• [Task inputs]:
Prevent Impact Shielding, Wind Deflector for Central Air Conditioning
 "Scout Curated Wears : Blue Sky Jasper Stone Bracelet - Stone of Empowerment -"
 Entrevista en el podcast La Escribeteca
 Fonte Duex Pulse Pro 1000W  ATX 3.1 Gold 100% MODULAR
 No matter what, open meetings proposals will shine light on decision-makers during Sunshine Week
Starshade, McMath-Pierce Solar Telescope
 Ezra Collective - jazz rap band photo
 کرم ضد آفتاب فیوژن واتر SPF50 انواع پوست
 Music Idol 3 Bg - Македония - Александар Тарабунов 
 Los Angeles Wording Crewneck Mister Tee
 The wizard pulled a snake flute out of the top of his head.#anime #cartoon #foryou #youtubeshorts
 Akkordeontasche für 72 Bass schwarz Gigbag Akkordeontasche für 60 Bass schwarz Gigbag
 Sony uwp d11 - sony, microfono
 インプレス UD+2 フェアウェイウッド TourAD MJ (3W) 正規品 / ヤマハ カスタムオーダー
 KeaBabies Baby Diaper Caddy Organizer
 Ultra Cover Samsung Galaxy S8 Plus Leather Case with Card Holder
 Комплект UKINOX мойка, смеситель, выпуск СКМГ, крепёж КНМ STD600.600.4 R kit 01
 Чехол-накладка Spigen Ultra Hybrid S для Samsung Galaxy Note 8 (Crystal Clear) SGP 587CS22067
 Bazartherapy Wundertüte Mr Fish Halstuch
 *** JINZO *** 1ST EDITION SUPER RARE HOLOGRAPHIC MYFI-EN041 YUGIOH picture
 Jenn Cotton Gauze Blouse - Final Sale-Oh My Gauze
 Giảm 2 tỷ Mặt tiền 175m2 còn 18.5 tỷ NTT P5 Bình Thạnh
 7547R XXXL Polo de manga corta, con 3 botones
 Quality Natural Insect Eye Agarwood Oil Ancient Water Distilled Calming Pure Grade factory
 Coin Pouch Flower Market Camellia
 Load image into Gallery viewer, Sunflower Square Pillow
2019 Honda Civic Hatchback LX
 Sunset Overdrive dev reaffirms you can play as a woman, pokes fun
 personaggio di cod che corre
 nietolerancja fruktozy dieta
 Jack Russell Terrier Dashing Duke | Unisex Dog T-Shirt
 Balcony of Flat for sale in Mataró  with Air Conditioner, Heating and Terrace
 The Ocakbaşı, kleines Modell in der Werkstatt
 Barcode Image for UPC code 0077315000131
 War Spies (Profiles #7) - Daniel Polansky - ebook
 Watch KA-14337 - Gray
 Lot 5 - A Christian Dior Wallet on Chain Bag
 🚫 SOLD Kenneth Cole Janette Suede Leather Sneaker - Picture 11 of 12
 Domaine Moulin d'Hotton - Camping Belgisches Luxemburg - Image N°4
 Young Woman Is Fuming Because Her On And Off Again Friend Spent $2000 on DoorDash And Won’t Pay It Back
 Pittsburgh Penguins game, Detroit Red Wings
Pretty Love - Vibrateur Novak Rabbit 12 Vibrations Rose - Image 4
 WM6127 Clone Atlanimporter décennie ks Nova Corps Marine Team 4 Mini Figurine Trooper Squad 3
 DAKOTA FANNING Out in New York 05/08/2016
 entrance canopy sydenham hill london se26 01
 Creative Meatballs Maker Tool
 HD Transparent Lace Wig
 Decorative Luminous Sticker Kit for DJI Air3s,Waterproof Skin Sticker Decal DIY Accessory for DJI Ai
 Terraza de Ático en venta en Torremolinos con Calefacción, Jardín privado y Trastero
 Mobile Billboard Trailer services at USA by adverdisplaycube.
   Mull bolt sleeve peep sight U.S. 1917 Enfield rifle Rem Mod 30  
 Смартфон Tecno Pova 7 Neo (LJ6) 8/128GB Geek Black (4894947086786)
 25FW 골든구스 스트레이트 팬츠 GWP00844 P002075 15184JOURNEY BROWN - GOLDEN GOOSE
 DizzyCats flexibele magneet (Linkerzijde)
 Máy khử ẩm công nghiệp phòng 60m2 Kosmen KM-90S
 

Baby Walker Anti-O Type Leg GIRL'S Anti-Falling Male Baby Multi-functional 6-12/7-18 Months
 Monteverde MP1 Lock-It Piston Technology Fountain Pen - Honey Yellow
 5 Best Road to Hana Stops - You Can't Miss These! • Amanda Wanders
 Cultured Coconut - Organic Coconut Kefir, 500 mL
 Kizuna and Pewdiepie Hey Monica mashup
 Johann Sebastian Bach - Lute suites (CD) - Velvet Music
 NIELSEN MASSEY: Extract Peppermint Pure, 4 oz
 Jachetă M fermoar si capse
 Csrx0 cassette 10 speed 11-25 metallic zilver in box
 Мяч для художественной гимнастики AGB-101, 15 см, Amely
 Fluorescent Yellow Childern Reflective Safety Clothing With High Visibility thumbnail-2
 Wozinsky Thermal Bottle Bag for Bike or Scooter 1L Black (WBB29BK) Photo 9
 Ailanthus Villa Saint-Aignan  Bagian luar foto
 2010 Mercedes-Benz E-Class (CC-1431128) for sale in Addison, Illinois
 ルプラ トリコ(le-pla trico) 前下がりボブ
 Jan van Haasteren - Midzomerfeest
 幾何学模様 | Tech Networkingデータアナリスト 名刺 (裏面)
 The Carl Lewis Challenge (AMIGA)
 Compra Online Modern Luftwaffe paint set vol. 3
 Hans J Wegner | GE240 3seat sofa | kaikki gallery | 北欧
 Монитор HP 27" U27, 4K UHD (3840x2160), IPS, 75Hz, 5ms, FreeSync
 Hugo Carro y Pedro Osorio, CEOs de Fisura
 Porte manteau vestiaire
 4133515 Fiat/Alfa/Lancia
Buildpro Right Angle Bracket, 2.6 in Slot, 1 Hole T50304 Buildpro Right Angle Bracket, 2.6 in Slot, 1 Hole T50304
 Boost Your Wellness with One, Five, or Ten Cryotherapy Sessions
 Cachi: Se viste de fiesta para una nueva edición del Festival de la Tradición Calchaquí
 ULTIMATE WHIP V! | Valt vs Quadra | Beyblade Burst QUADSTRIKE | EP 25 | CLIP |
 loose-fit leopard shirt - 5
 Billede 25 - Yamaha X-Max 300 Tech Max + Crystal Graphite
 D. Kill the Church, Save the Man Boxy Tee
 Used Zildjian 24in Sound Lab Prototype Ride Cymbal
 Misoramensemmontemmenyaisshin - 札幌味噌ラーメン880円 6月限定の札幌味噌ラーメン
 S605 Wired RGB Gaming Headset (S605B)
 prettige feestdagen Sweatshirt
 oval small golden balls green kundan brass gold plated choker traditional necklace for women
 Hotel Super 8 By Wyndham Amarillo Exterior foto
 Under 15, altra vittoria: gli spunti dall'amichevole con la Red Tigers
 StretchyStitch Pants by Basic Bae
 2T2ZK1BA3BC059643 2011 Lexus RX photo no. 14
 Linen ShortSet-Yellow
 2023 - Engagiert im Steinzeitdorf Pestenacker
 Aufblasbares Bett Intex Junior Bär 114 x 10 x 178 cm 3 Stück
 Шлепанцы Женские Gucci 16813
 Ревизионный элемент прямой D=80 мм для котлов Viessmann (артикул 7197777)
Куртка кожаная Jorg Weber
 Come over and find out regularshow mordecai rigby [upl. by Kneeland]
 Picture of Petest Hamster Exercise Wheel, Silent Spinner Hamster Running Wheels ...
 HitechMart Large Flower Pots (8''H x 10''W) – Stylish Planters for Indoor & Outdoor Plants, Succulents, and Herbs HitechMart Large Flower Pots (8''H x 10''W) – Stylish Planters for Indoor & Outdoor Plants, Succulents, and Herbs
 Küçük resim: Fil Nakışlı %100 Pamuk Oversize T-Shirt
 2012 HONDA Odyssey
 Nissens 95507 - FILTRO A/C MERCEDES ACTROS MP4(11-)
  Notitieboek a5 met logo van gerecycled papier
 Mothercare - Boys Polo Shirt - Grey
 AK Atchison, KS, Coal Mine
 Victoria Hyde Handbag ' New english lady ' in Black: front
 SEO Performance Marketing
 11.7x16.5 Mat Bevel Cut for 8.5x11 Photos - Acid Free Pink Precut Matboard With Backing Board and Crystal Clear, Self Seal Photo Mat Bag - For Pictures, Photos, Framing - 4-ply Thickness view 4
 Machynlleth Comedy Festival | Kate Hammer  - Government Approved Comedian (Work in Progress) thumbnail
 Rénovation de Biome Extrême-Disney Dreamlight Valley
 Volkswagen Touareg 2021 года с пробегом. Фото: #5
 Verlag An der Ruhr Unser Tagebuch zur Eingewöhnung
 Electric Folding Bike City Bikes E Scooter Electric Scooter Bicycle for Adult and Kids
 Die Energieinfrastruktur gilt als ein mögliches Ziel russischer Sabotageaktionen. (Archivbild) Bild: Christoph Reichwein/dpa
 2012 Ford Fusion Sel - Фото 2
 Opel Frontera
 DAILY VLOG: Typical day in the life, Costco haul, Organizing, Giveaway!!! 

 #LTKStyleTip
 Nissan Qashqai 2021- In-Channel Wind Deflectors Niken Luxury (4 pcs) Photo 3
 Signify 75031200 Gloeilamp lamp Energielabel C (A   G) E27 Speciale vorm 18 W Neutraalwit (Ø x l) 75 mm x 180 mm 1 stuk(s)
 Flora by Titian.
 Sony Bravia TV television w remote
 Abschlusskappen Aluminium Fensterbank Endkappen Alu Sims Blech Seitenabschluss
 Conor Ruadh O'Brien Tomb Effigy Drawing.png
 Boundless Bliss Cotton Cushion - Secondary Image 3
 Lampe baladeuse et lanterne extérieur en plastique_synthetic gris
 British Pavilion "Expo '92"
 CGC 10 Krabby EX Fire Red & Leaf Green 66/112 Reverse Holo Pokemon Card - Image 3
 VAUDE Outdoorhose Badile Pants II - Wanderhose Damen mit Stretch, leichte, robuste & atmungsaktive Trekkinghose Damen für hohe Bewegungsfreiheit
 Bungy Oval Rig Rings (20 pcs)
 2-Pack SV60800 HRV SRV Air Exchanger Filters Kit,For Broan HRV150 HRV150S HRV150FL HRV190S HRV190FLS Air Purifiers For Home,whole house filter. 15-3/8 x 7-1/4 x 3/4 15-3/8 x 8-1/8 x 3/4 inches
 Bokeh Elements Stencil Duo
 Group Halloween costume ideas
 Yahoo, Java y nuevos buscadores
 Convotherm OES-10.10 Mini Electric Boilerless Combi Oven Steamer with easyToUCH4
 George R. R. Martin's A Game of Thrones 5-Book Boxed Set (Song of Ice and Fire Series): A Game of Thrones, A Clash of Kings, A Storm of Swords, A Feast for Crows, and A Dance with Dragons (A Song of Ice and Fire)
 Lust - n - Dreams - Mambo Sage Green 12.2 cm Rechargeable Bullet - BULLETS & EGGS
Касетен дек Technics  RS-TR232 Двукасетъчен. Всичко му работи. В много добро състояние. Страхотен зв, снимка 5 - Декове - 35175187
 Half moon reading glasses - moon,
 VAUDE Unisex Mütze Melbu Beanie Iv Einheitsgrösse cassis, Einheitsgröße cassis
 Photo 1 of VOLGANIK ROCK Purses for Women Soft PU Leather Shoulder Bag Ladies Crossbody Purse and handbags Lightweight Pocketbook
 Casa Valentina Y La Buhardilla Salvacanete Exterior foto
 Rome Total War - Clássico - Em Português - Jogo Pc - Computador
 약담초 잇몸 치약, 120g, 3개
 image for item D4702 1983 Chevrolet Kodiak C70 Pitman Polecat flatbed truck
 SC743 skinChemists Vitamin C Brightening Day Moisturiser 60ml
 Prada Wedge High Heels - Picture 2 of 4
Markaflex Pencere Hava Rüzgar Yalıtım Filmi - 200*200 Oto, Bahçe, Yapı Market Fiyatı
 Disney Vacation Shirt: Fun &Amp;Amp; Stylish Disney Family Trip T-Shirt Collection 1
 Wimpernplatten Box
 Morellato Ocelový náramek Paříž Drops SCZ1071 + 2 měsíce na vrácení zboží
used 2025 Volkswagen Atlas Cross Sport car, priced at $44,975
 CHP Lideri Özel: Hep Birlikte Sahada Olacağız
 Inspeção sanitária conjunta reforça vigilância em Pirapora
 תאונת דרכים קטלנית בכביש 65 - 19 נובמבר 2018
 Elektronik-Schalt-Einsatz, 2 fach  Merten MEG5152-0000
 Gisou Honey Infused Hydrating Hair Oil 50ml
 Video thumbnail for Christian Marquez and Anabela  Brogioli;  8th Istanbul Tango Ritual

• [Work instruction]: Reproduce verbatim the lines above, from the line with "StretchyStitch Pants by Basic Bae" through the line with "Notitieboek a5 met".

• [Exercise response]:
 StretchyStitch Pants by Basic Bae
 2T2ZK1BA3BC059643 2011 Lexus RX photo no. 14
 Linen ShortSet-Yellow
 2023 - Engagiert im Steinzeitdorf Pestenacker
 Aufblasbares Bett Intex Junior Bär 114 x 10 x 178 cm 3 Stück
 Шлепанцы Женские Gucci 16813
 Ревизионный элемент прямой D=80 мм для котлов Viessmann (артикул 7197777)
Куртка кожаная Jorg Weber
 Come over and find out regularshow mordecai rigby [upl. by Kneeland]
 Picture of Petest Hamster Exercise Wheel, Silent Spinner Hamster Running Wheels ...
 HitechMart Large Flower Pots (8''H x 10''W) – Stylish Planters for Indoor & Outdoor Plants, Succulents, and Herbs HitechMart Large Flower Pots (8''H x 10''W) – Stylish Planters for Indoor & Outdoor Plants, Succulents, and Herbs
 Küçük resim: Fil Nakışlı %100 Pamuk Oversize T-Shirt
 2012 HONDA Odyssey
 Nissens 95507 - FILTRO A/C MERCEDES ACTROS MP4(11-)
  Notitieboek a5 met logo van gerecycled papier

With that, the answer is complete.